* INFORMATION SUPPLIED *
***

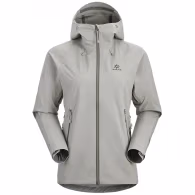 Scurta Kailas Bogda Hardshell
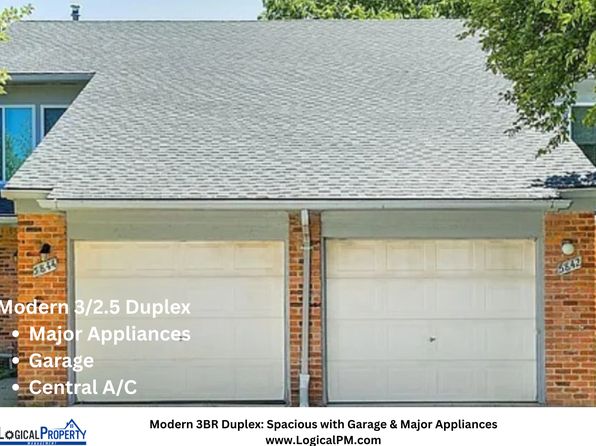 5842 Niles Dr
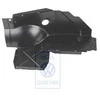 Vag Šoninės Plokštės Jungtuvės 2006 2010 2012 Audi A4 A6 Originalus 701803398A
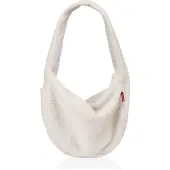 Reisenthel Moonbag Olkalaukku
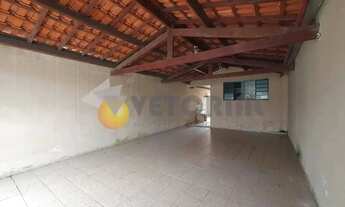 Imagem 2: Casa com 2 dormitórios à venda, 121 m² por R$ 330.000,00 - Poiares - Caraguatatuba/SP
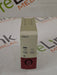 Philips Philips M1006B Single Parameter IBP Module Patient Monitors reLink Online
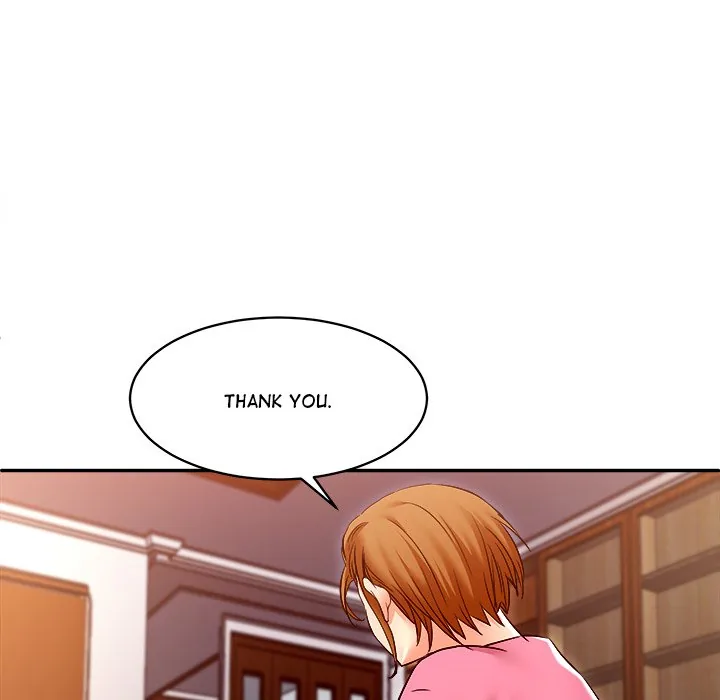 The Fifteenth Man Chapter 25 page 89 - 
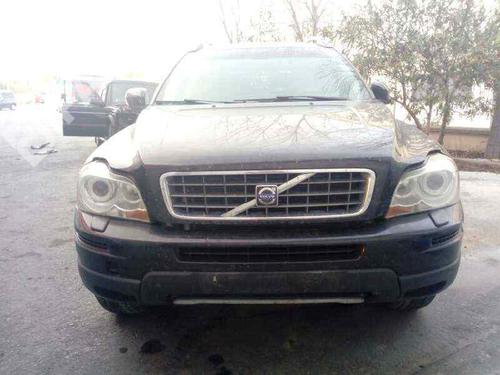 Break pedal VOLVO XC90 I (275) D5 AWD | BP8787015I19  - Image 12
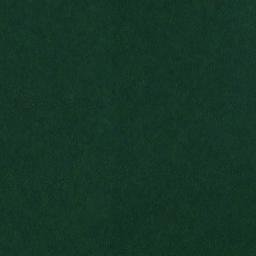 Satellite imagery of Norrskärskobben, SE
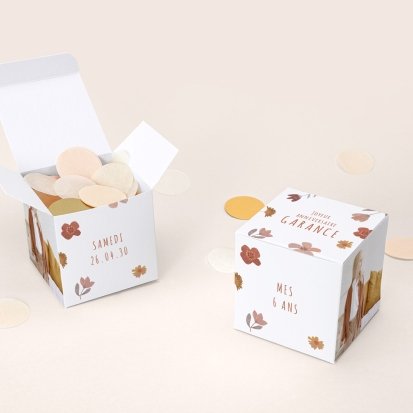 BONNYCO Cubes Casse Tete Enfant Cadeau Anniversaire Enfants Invites Pack 30  Cadeaux Anniversaire Invités Enfant, Petit Cadeau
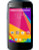 buy BRAND NEW BLU LIFE PLAY MINI L190u BLUE 4G 850/1700/1900 by - Discontinued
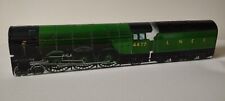Flying scotsman train for sale  NORTHAMPTON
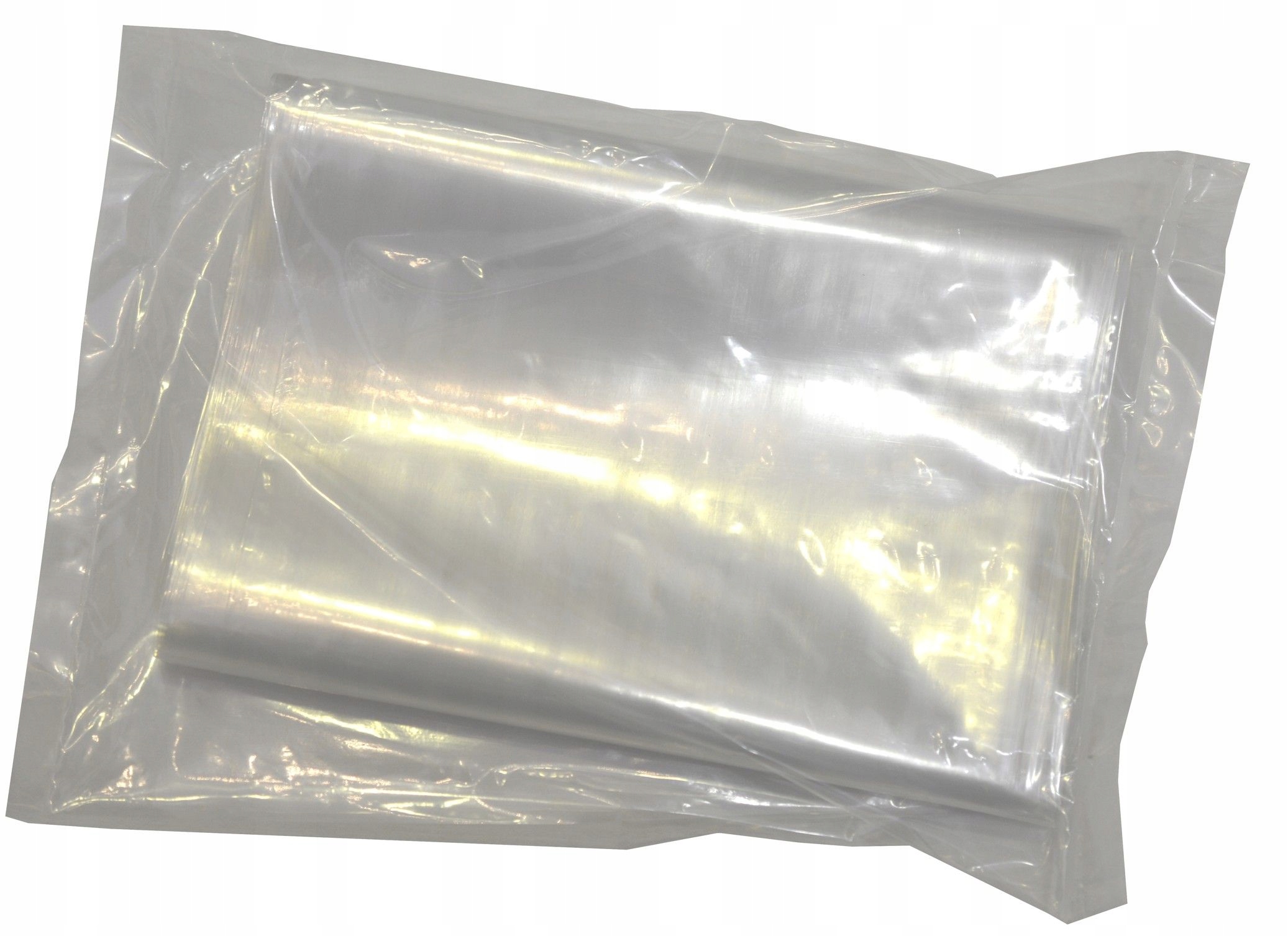 WORECZKI foliowe DO SZYNKOWARA 1,5kg 20szt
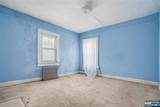 68 Chestnut Street - Photo 23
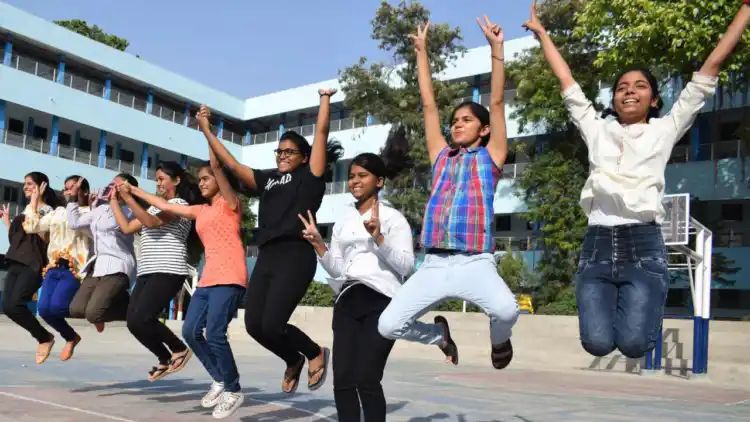 BPSC TRE 3.0 Exams Timetable For Class 1 To 10 Levels Out; Check Complete Schedule Here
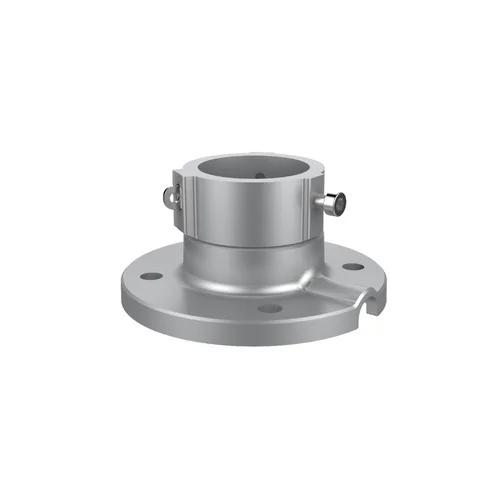 Hikvision Wall Ceiling Mount Bracket for Speed Dome DS-1663ZJ-P / Камерын Тогтоогч Суурь /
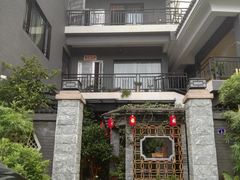 -阿多私房菜(顺德店)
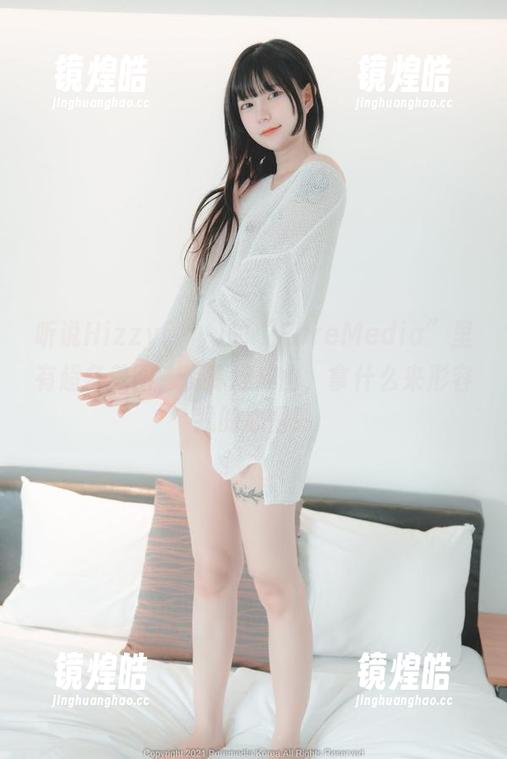 听说Hizzy(히지)的“PureMedia”里有超多美图，资源堆成山，拿什么来形容我的心情！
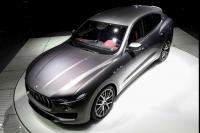 Exterieur_Maserati-Levante-2016_21
                                                        width=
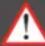 Ozito SFR-019 - Indicator LEDs - 4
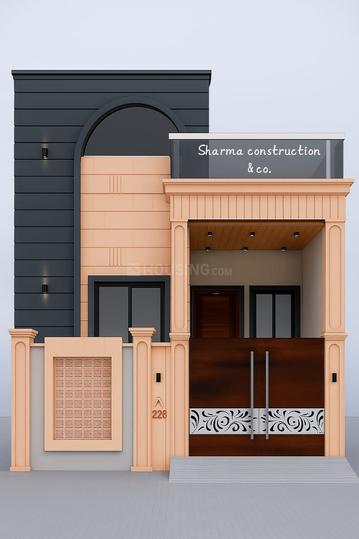 Amit vihar  Main Image 1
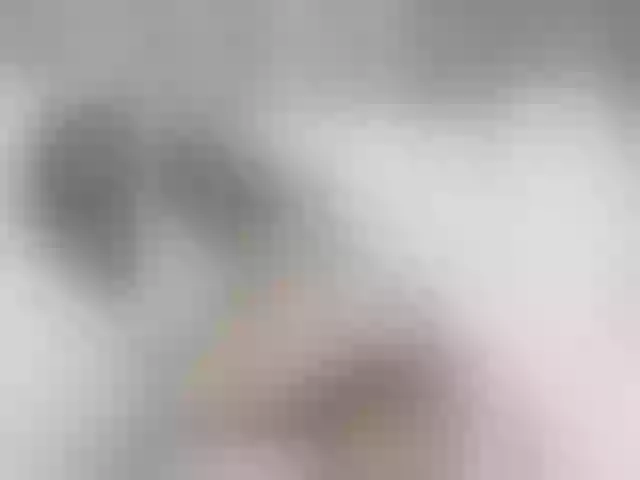 Live sex webcam photo for Channel21 #250768929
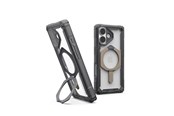 Telefon - Pokrowiec i etui - UAG Plasma XTE Magsafe - Ash/Titanium - iPhone 17 - 114526113136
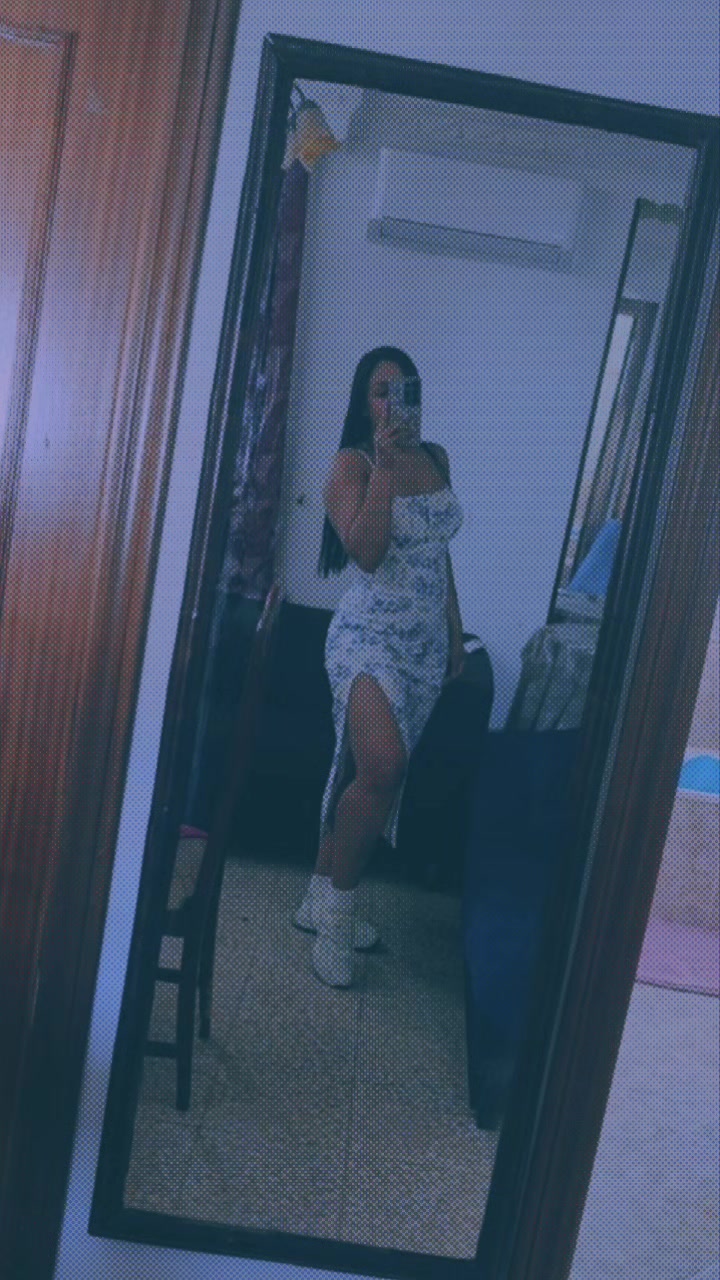 @Gabriela Campos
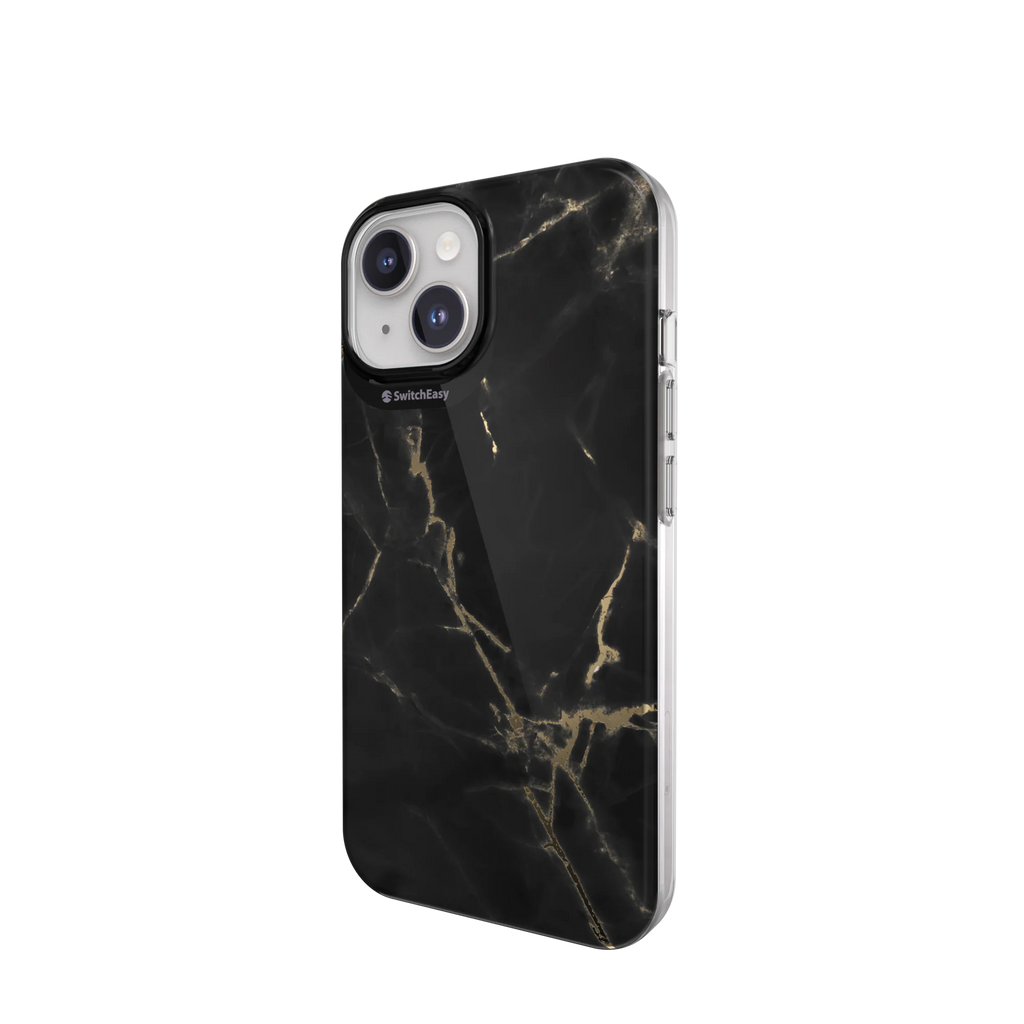 SwitchEasy Artist iPhone 15 Case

***

* WHAT YOU NEED TO DO *
Without the pictures, transcribe the listing exactly as it stands.

* OUTPUT FOR THIS TASK *
 Scurta Kailas Bogda Hardshell
 5842 Niles Dr
 Vag Šoninės Plokštės Jungtuvės 2006 2010 2012 Audi A4 A6 Originalus 701803398A
 Reisenthel Moonbag Olkalaukku
 Imagem 2: Casa com 2 dormitórios à venda, 121 m² por R$ 330.000,00 - Poiares - Caraguatatuba/SP
 Philips Philips M1006B Single Parameter IBP Module Patient Monitors reLink Online
 The Fifteenth Man Chapter 25 page 89 - 
 Break pedal VOLVO XC90 I (275) D5 AWD | BP8787015I19  - Image 12
 Satellite imagery of Norrskärskobben, SE
 BONNYCO Cubes Casse Tete Enfant Cadeau Anniversaire Enfants Invites Pack 30  Cadeaux Anniversaire Invités Enfant, Petit Cadeau
 buy BRAND NEW BLU LIFE PLAY MINI L190u BLUE 4G 850/1700/1900 by - Discontinued
Flying scotsman train for sale  NORTHAMPTON
 WORECZKI foliowe DO SZYNKOWARA 1,5kg 20szt
 68 Chestnut Street - Photo 23
 BPSC TRE 3.0 Exams Timetable For Class 1 To 10 Levels Out; Check Complete Schedule Here
 Hikvision Wall Ceiling Mount Bracket for Speed Dome DS-1663ZJ-P / Камерын Тогтоогч Суурь /
 -阿多私房菜(顺德店)
 听说Hizzy(히지)的“PureMedia”里有超多美图，资源堆成山，拿什么来形容我的心情！
 Exterieur_Maserati-Levante-2016_21
                                                        width=
 Ozito SFR-019 - Indicator LEDs - 4
 Amit vihar  Main Image 1
 Live sex webcam photo for Channel21 #250768929
 Telefon - Pokrowiec i etui - UAG Plasma XTE Magsafe - Ash/Titanium - iPhone 17 - 114526113136
 @Gabriela Campos
 SwitchEasy Artist iPhone 15 Case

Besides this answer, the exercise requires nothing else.